TASK INSTRUCTIONS:
Please give back each line below unchanged; none of the pictures should appear.

MATERIAL PROVIDED:
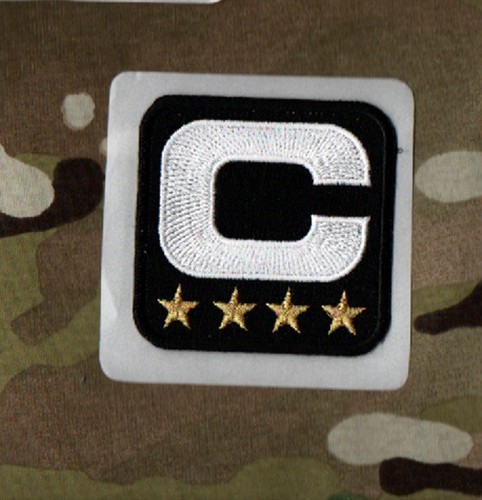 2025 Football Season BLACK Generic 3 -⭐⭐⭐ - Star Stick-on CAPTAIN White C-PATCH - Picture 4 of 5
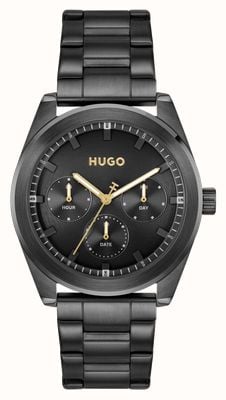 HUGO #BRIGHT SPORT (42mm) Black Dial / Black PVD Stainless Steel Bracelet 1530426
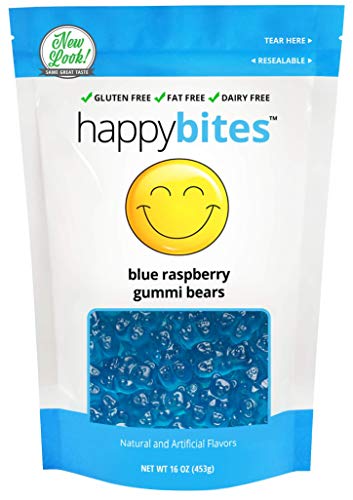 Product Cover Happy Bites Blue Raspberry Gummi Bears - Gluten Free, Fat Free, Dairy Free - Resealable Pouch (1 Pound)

RESULT FOR THIS TASK:
 2025 Football Season BLACK Generic 3 -⭐⭐⭐ - Star Stick-on CAPTAIN White C-PATCH - Picture 4 of 5
 HUGO #BRIGHT SPORT (42mm) Black Dial / Black PVD Stainless Steel Bracelet 1530426
 Product Cover Happy Bites Blue Raspberry Gummi Bears - Gluten Free, Fat Free, Dairy Free - Resealable Pouch (1 Pound)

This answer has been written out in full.